Продолжая анализ, Бачинин исследует византистскую ментальность православного духовенства, особенности его социально-правового положения и системы образования. Синодальная модель лишала священнослужителей самостоятельности, превращала их в зависимое сословие и воспитывала привычку к административному послушанию. Отсюда автор выводит социальную пассивность, недостаток развитого общественного богословия и неспособность официальной Церкви своевременно ответить на вызовы индустриализации, урбанизации, революционного движения и кризиса народной религиозности. Вместе с тем его критика не сводится к отрицанию православия как такового. Он признает наличие в православной традиции антивизантистских и евангельских импульсов, видит положительное значение нового социального учения Церкви и призывает к выходу из состояния исторического безмолвия. Но проект «православного государства», предполагающий особые политические привилегии одной конфессии, оценивается им как опасное возвращение к старой модели. Неовизантизм не способен возродить Россию, если он продолжает связывать духовное единство с административным господством и религиозной исключительностью.
Противоположный исторический вектор раскрывается в главах о русском евангелизме.

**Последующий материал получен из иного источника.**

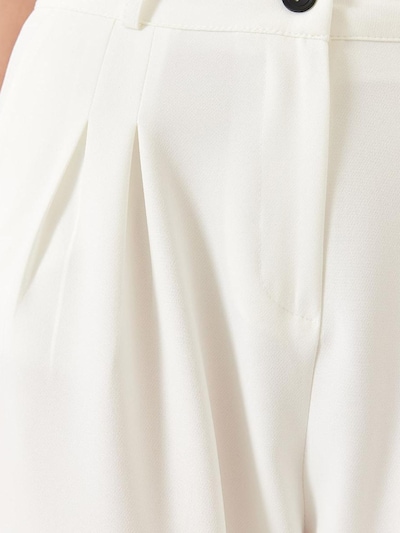 Bianco Lucci Pleat-Front Pants in natural white, Item view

Бачинин стремится опровергнуть представление о нем как о позднем западном заимствовании. Евангельское движение он понимает шире протестантской конфессиональной принадлежности — как постоянное стремление христиан вернуться к первоначальной апостольской вере, живому богопознанию, авторитету Писания, свободе совести и нравственной простоте. Поэтому его предыстория обнаруживается уже в средневековом русском нонконформизме: в критике симонии, в движениях стригольников, нестяжателей, заволжских старцев, в служении Нила Сорского, Вассиана Патрикеева и Максима Грека. Эти люди не всегда выходили за пределы православия, но противопоставляли церковному богатству внутреннее делание, насилию над инакомыслящими — кротость, а союзу с властью — свободу духовной жизни. Русский евангелизм определяется посредством личного поиска живого Бога, неприятия обрядового формализма, внимательного чтения Библии и стремления восстановить церковную жизнь в соответствии с образом первоапостольской общины.
История евангельского пробуждения XIX века получает у Бачинина подробное и сочувственное освещение. Кризис государственного православия создал духовный вакуум, особенно заметный как среди образованной аристократии, так и среди народных низов. Проповедь лорда Гренвилла Редстока в Петербурге стала катализатором личных обращений, домашних библейских собраний и благотворительного служения. Вокруг евангельского движения объединились Елизавета Черткова, Модест Корф, Алексей Бобринский, Надежда Ливен, Юлия Засецкая, Елена Шувалова и другие представители высшего общества. Автор рассматривает их не как людей, увлеченных иностранной религиозной модой, а как христиан, обнаруживших в евангельской проповеди ответ на потребность в личной вере. Редстокизм и пашковщина, по Бачинину, были не причиной духовного кризиса православия, а его следствием и одновременно попыткой преодоления. Репрессии со стороны Синода и правительства показывают, насколько тесно византистская модель связывала религиозное единство с государственным контролем: вместо богословского диалога евангельское пробуждение встретило запреты, административное давление и высылку лидеров.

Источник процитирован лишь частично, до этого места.